A writer’s queue size can now be bound. Using the new net.sf.ehcache.config.CacheWriterConfiguration#setWriteBehindMaxQueueSize or the writeBehindMaxQueueSize attribute on cacheWriter element, a user can limit the size of the queue of write-behind. This limit applies per Bucket (see #3), as do the other settings for a writer. Default value is 0, which is unbound (same behavior as before). The limit applies against the same “meaning” of queue-size as in #1. When adding a new element to the queue (putWith or removeWithWriter methods on Cache), the size is checked. When the limit is reached the corresponding Cache operation will block until the queue size decreases by one…

Concurrency

Using net.sf.ehcache.config.CacheWriterConfiguration#setWriteBehindConcurrency or the writeBehindConcurrency attribute on the cacheWriter element, users can configure the amount of thread/bucket pair that write-behind will use to write. Default value is 1 (same behavior as before). When a cache operation occurs, the writer will dispatch the element to a bucket based on the key’s hash code. That way a same key always goes to the same bucket/thread pair. Each bucket has its own writer thread that will all use the same settings: minWriteDelay, maxWriteDelay, rateLimitPerSecond, writeCoalescing, writeBatching, writeBatchSize, retryAttempts, retryAttemptDelaySeconds… It is important here to understand that configuration involving size or rate will apply equally to all bucket/thread pairs. So that a rate limit of 100 operations per second, with a concurrency setting of 4 means that 4 threads will write at a maximum rate of 100 operations per second (meaning a 400 operations). These settings were already per node, so that in a clustered setup with 10 nodes, you effectively hit the store at a maximum rate of 4,000 operations per second.

No more stealing (Clustered only)

Stealing from one queue to another (whether local or across nodes) is now disabled. While not configurable from ehcache, tim-async had the feature turned on by default. Because of the bucket/thread-to-key affinity, stealing doesn’t really makes sense (and was not what the customer wanted), also in our testing, it turned out stealing was doing more harm than good performance-wise…

ilevy 2011-02-11

in write_through_caching.apt there’s a section that says:

” *** Cluster-wide queue processing

In a cluster each node will have a <<<CacheWriter>>> configured. These will process their local work, but if there is no local
work, they will poll the other nodes to see if there is outstanding work and process part of that work.

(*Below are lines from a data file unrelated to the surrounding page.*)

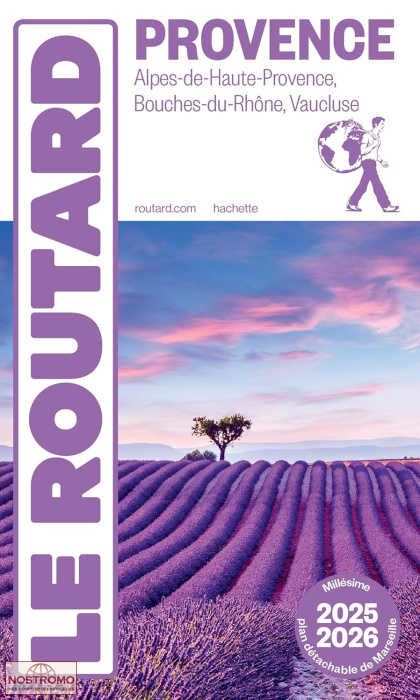 PROVENCE | Routard travel guide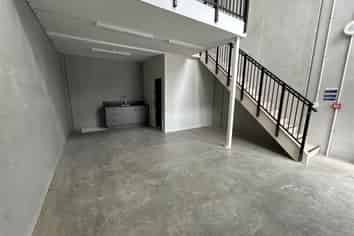 Premium North-Facing Industrial Unit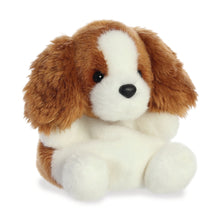 Load image into Gallery viewer, Palm Pals - Lady the Spaniel Soft Toy
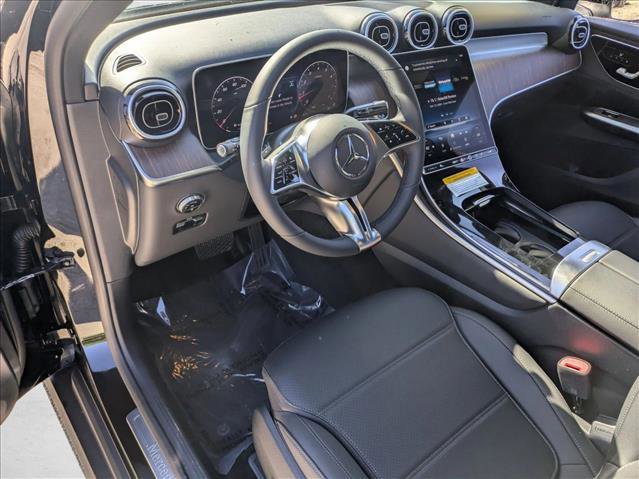 New 2026 Mercedes-Benz GLC 300 image 3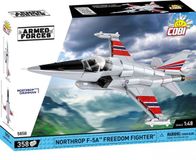 COBI 5858 Northrop F-5A FREEDOM FIGHTER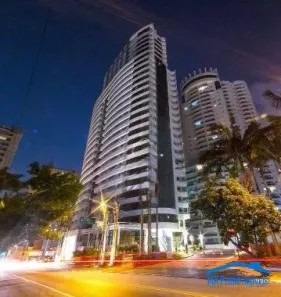 Flat com 1 Quarto à venda, 36m² no Consolação, São Paulo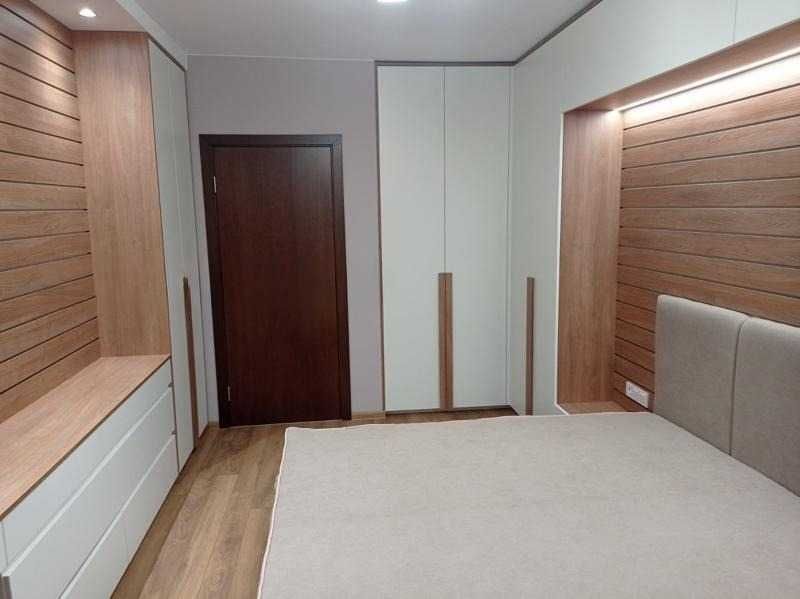 Дава се под наем Двустаен апартамент в София, Студентски град - 65 кв.м за 518.67 € - Снимка #5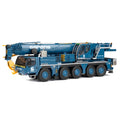Conrad Sarens Liebherr LTM 1110-5.1 Mobile Crane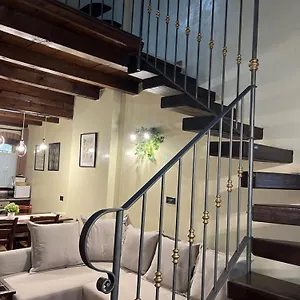 Bilocale Dafne Abbadesse Appartamento Milano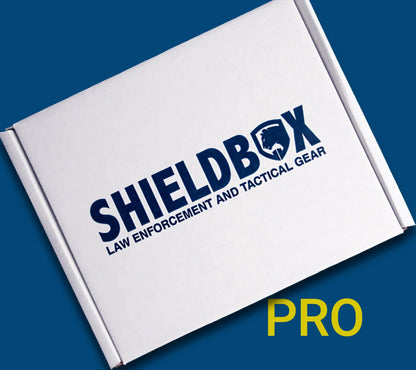 ShieldBox Pro - 6 Month Subscription Plan ShieldBox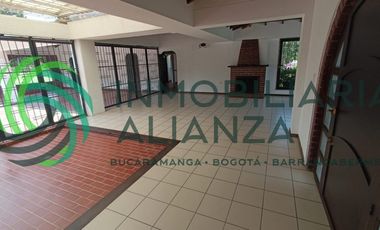 casa campestre en venta en condominio menzuly campestre. Cod V61376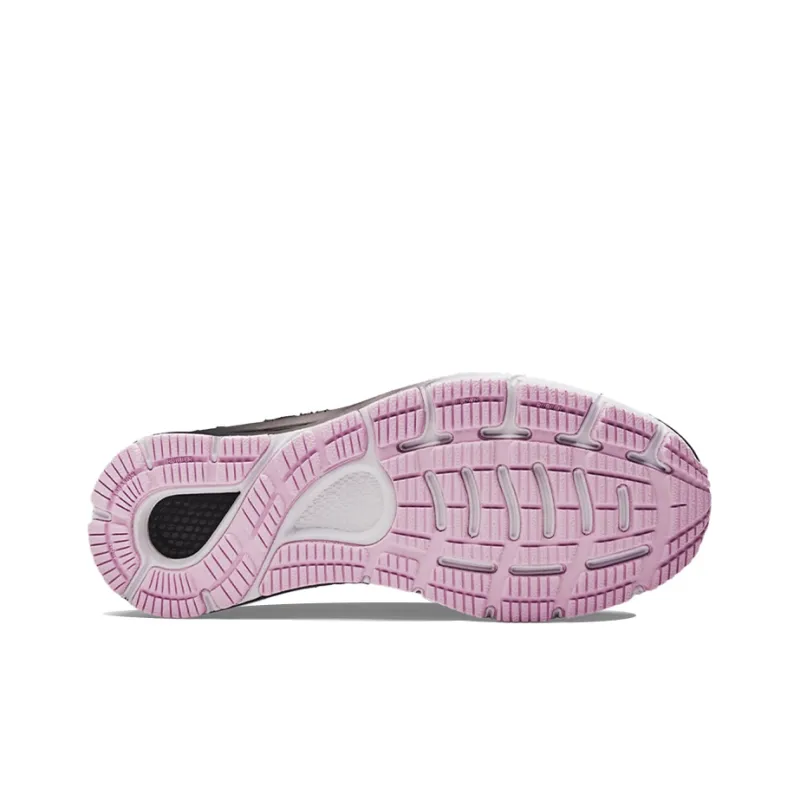 Under Armour HOVR Sonic 4 Running Shoes Women's Low-Top Polaris Purple-4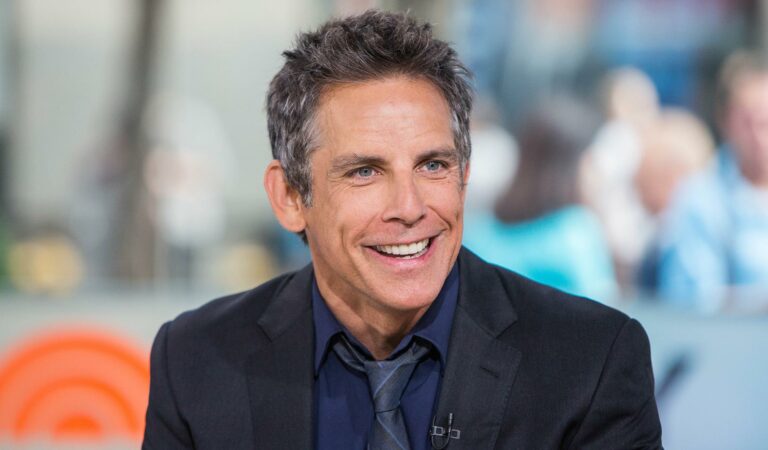 Ben Stiller ahora le meterá a la comedia: «The Seven Five», un drama criminal de MGM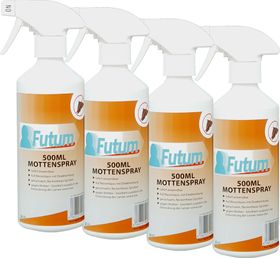 FUTUM Mottenspray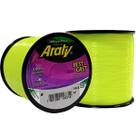 Linha Mono Araty Best Cast 115g Amarelo - Mazzaferro Linha Mono Araty Best Cast 115g Amarelo - Mazzaferro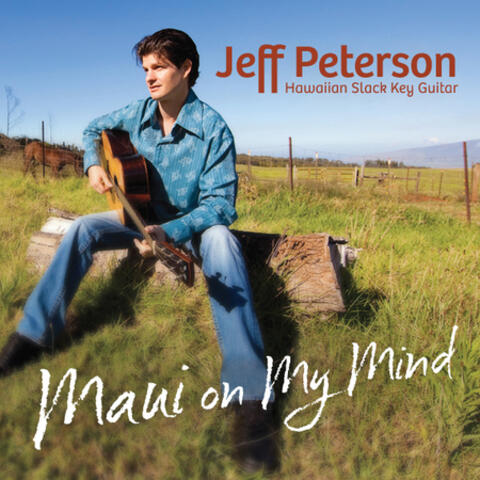 Jeff Peterson
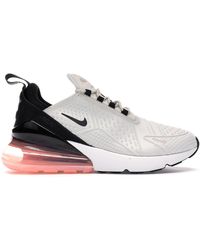 Nike Air Max 97 Light Bone Deadly Pink (w) Lyst Nike Air Max 97 Light Bone Deadly Pink (w) Lyst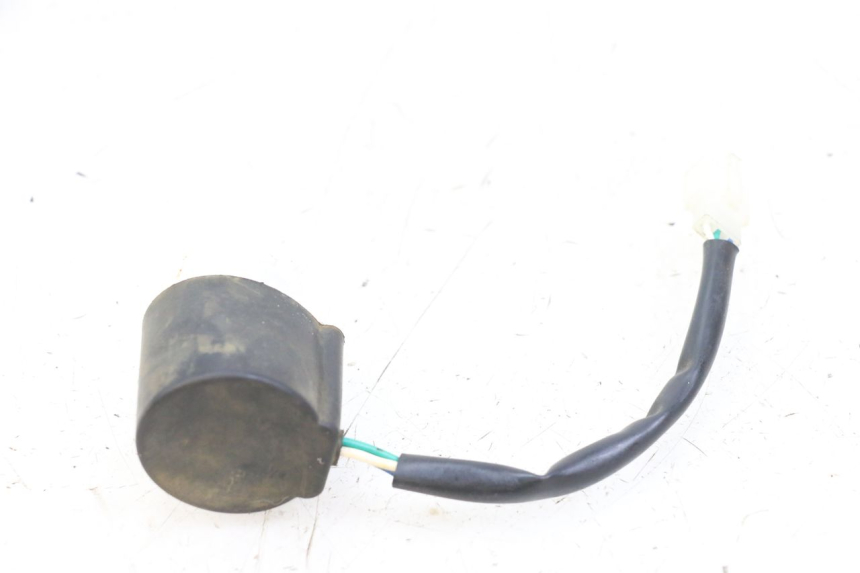 photo de SUPORTE DE LÂMPADA EUROCKA RETRO 50 (2007 - 2014) - Detalhe da peça
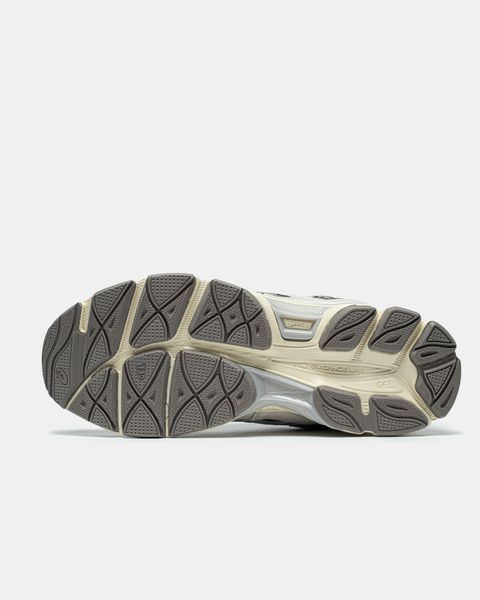 Asics Gel-NYC Steeple Grey Cream ALL23104 фото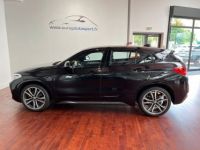 BMW X2 SDRIVE18IA 140CH M SPORT DKG7 EURO6D-T - <small></small> 24.990 € <small>TTC</small> - #3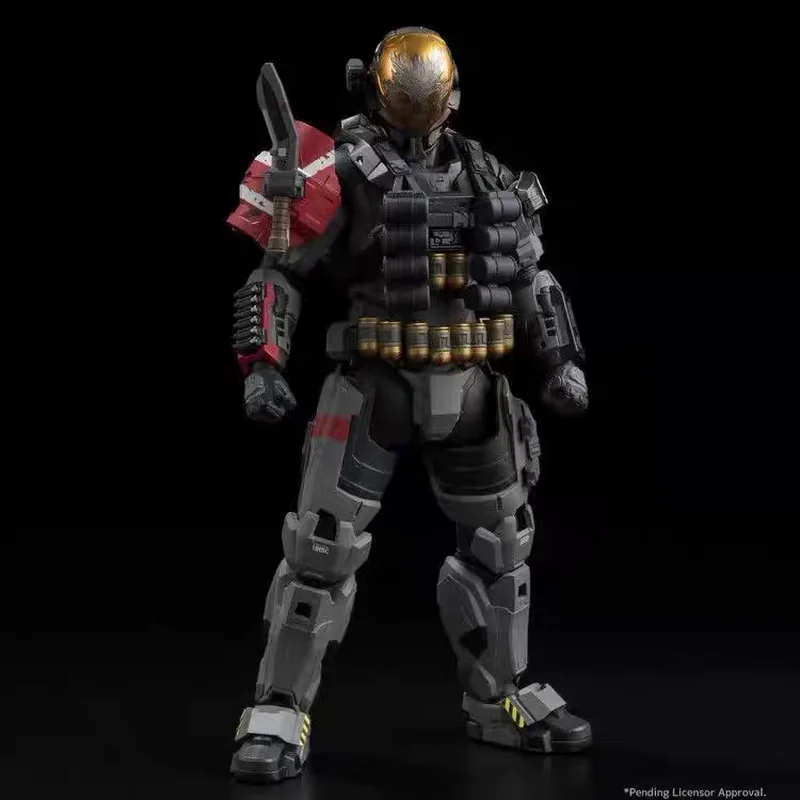 En Stock Ko Emile A239 escala Kat 1/12 Anime retrato modelo juguete colección regalo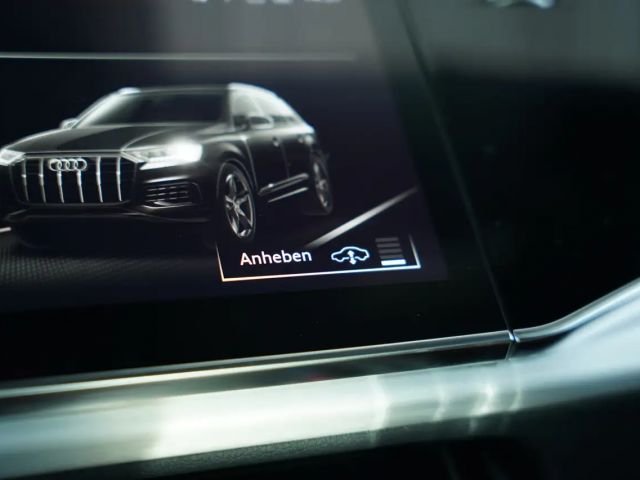 Audi Q7 50 TDI Quattro S-Line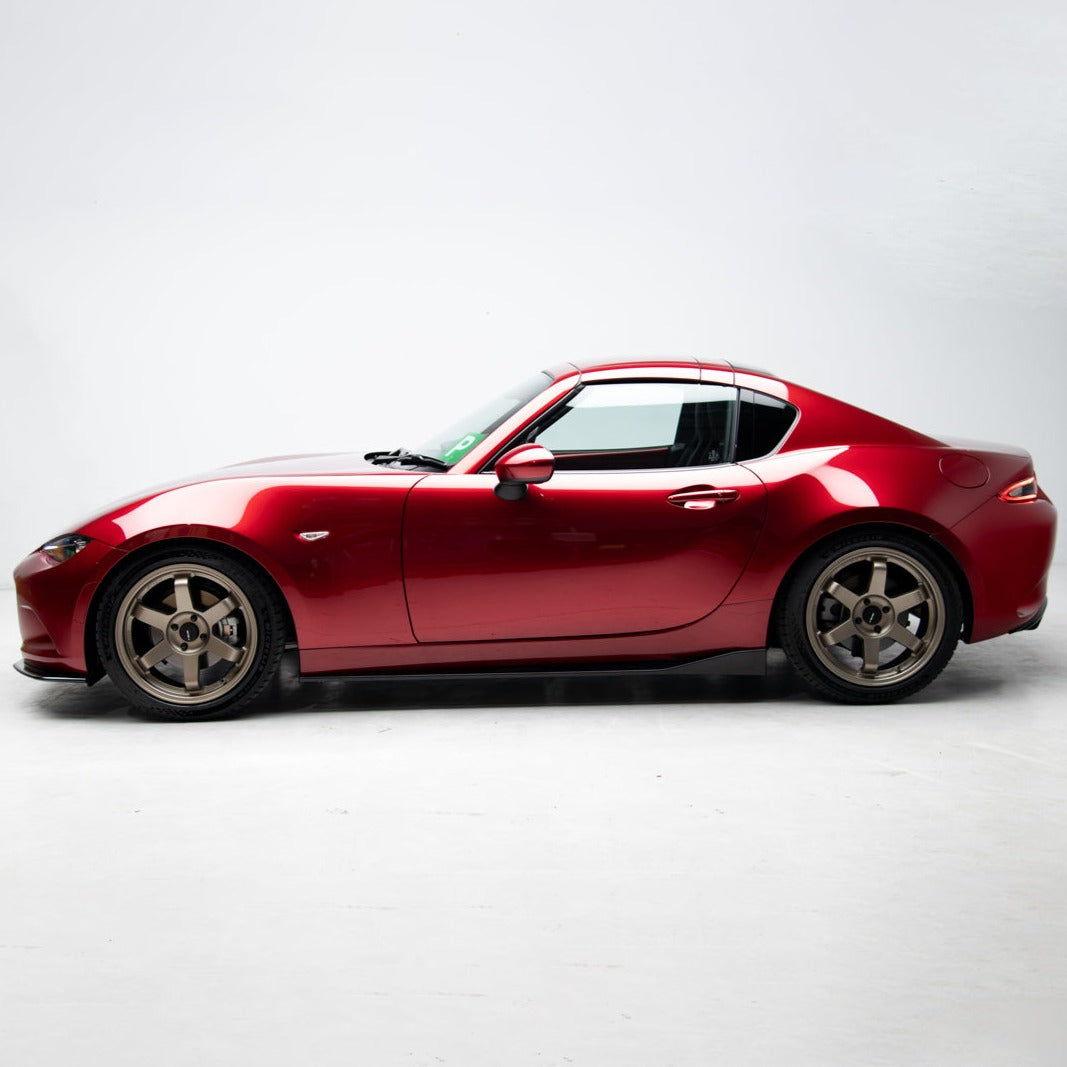 MP Speed Style Side Skirts for Mazda MX-5 ND 2016+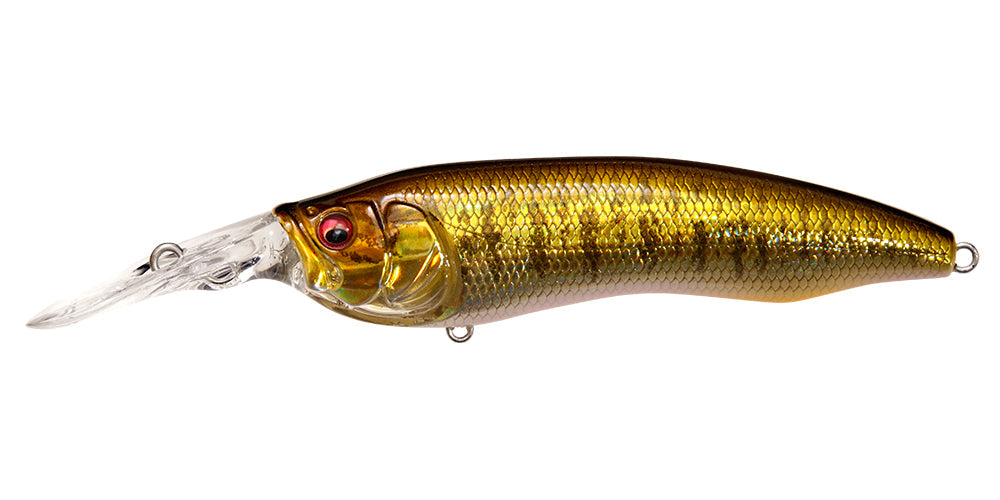 LIVE-X MODEL1 - Megabass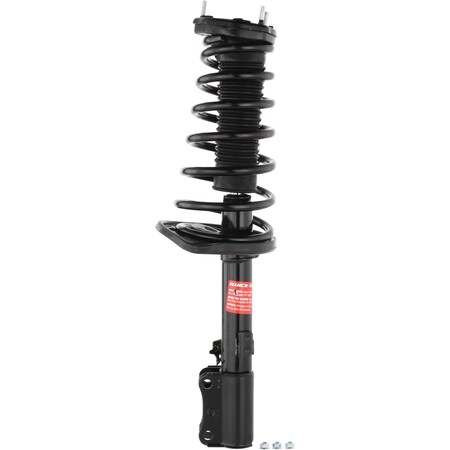 Monroe Suspension Strut and Coil Spring Assembly,  172385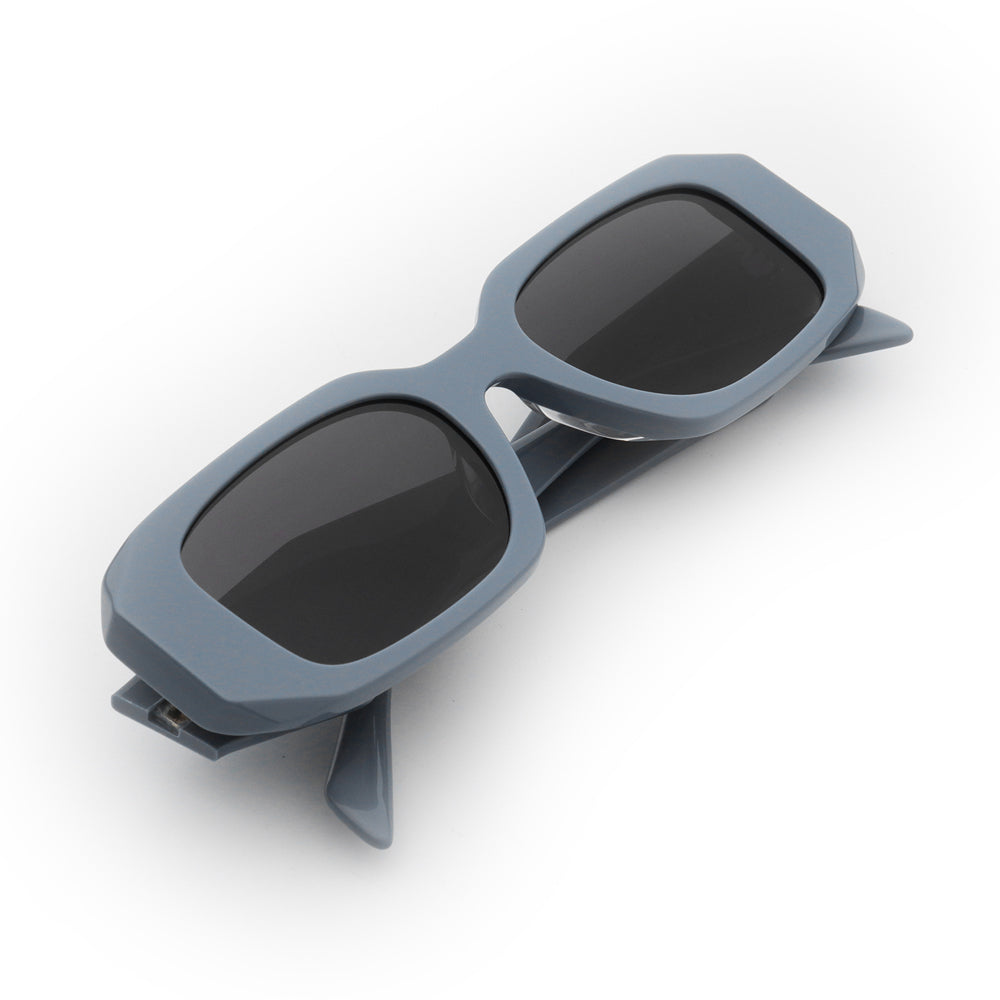 Pelle Luxur Unisex Sunglasses PLSG8123 - Buy 1 Get 1 Free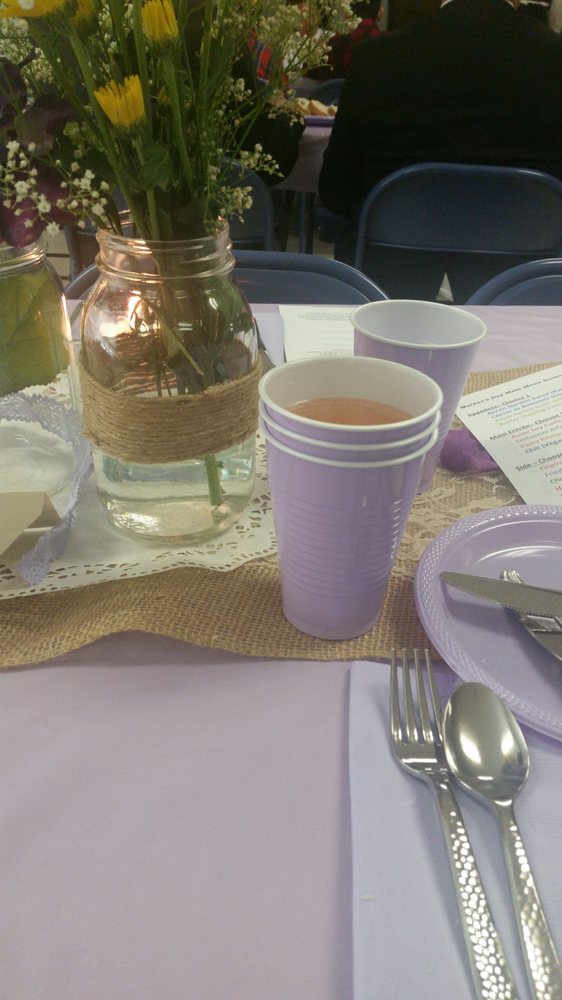 SPARKS SEVENTH DAY ADVENTIST CHURCH Updated September 2024 2990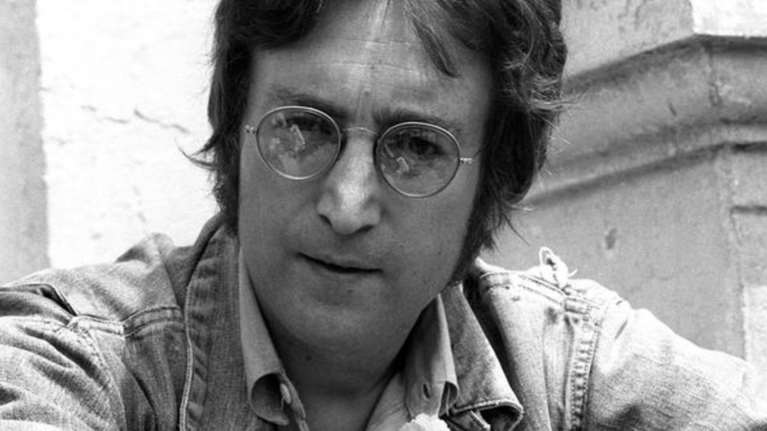 Τζον Λένον: Κασέτα με ακυκλοφόρητο τραγούδι του πουλήθηκε για 49.760 ευρώ σε δημοπρασία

This means that workload is balanced across the cluster, and that the write-behind queue will be serviced as long as there is one
Ehcache L1 instance in the cluster. " i assume this is referring to "work stealing" and so i've removed it (per #4 above). if this is referring to something else, let me know.

ilevy 2011-02-11

found this in the doc: “ rateLimitPerSecond The maximum number of store operations to allow per second. If writeBatching is enabled, “ any idea where this was supposed to go after the comma?

ilevy 2011-02-15

please answer the questions in the comments and reassign to me.

Alexander Snaps 2011-02-16

On you first comment: Yes work stealing is now disabled. So this paragraph can go. If we ever want to support this, we need to make it configurable (as it is in the toolkit). But under load this makes your app choke On the Batching: I guess what it means is that if given a certain batchSize, the writer can “skip” a write loop to keep tps down. if you have a rateLimit of 10 and the batch to be written is of 11, then the writer will skip this batch and retry later until tps is below the boundary.

ilevy 2011-02-17

i think we need to clarify better the relationship between writeBatchSize and rateLimitPerSecond, as this seems to be a somewhat subtle relationship with perhaps an important influence on performance.